With journalist Poonam Agarwal being booked under sections of Official Secrets Act and other sections of the IPC including abetment to suicide in Maharashtra, a women’s media body has demanded that charges against her be dropped.
The Network of Women in Media, India has written a letter demanding the same, which has been forwarded to the Union Home Minister Rajnath Singh, Maharashtra CM Devendra Fadnavis, Director General of Police, Maharashtra and the Union Home Secretary.
The letter is reproduced below.
Hon’ble Union Home Minister,
Government of India
Subject: Drop criminal cases against Poonam Aggarwal
Honourable Minister Shri Rajnath Singh,
We, the Network of Women in the Media, India, a forum for women media professionals across the country condemn in the strongest terms the slapping of cases under the Official Secrets Act and abetment to suicide on journalist Poonam Aggarwal for her video in Quint in February this year which sought to expose the exploitative ‘sahayak’ or ‘buddy’ system in the Indian army (the video has since been taken down).
Our objections are:
1. The intent of any journalistic enterprise, including Ms Aggarwal’s is to report on wrongdoings and misconduct in places of power where common citizens who feel scared of voicing their fears or complaints, do so to a journalist. The intent therefore is to strengthen systems and be the voice of the underdogs, in this case, the jawans. The intent is not to compromise national security.
2. The army cannot make the claim that Poonam Aggarwal was giving out information on the army unless it wishes to make the case that the exploitative ‘sahayak’ or ‘buddy’ system is meant to be an official secret.
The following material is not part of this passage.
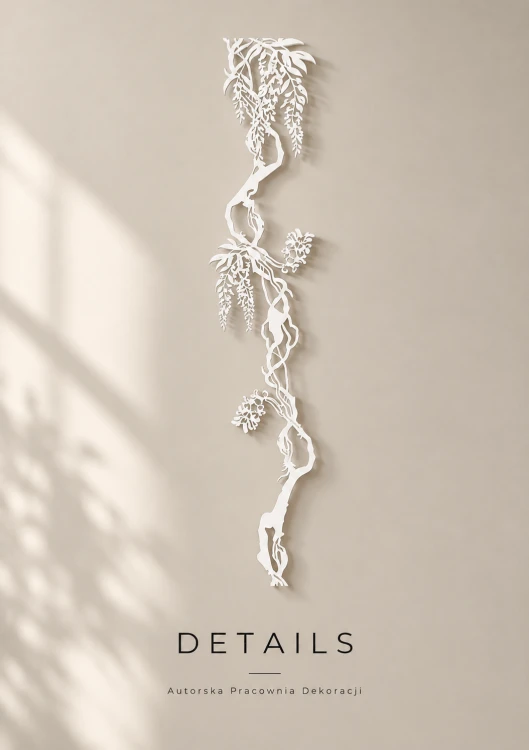 Elegancka dekoracja ścienna DETAILS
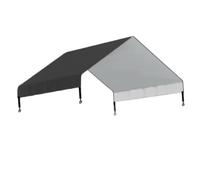 F Fityle Toile d'ombrage pour poulailler, bâche en Tissu Oxford, Installation Rapide, imperméable, bâche pour poulailler et Ferme, Noir 220x145cm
3. The army has not established how Poonam Aggarwal's undercover report released in the public domain on a legitimate and legal news media site can be called "spying."
4. As far as entering a restricted area is concerned, the generally accepted line of inquiry is to establish why this was done. If it is to expose something that is of national interest and in the interest of exposing wrongdoing, then it is practiced in India repeatedly and around the world. It does not justify her being charged with a violation of the Official Secrets Act.
5. To charge Poonam Aggarwal with abetting the suicide of Lance Naik Mathew is far-fetched and completely misleading. In this case, the lens should apply to the army, and the inquiry they may have conducted on officers and jawans after Ms Aggarwal’s report was released and the role this may have played. If the police are conducting a fair investigation, this is a question that will need to be answered in the course of the inquiry.
We would like to state that we are firmly behind Poonam Aggarwal in her quest to seek justice against a system that has turned against her. We also propose that if the army or any individual for that matter would like to raise an objection about a report, they should take it up with the Press Council of India which is the proper forum to address any systemic lapses that may occur in the quest for the truth. We would also like to add that singling out the reporter with no attention to the establishment, The Quint, for which she works and which supported, edited and published her story seems like a disproportionate reaction.
We urge the government and the army to thoroughly investigate all angles of this case, and withdraw the charges under the Official Secrets Act and the abetting of suicide since they have no sound basis. It is also apparent that the government and the army are focused on Ms Aggarwal in an effort to derail a thorough and much needed debate on the sahayak system. We demand that the issues raised by the report be given the serious attention they deserve.
Agarwal was booked after the army filed a complaint against her, following the alleged suicide of Lance Naik Roy Mathew who featured in a sting video conducted by her on the Army’s “sahayak” system.
In the alleged suicide note, Mathew had written that he feared he would be subjected to court-martial proceedings for speaking against the Army.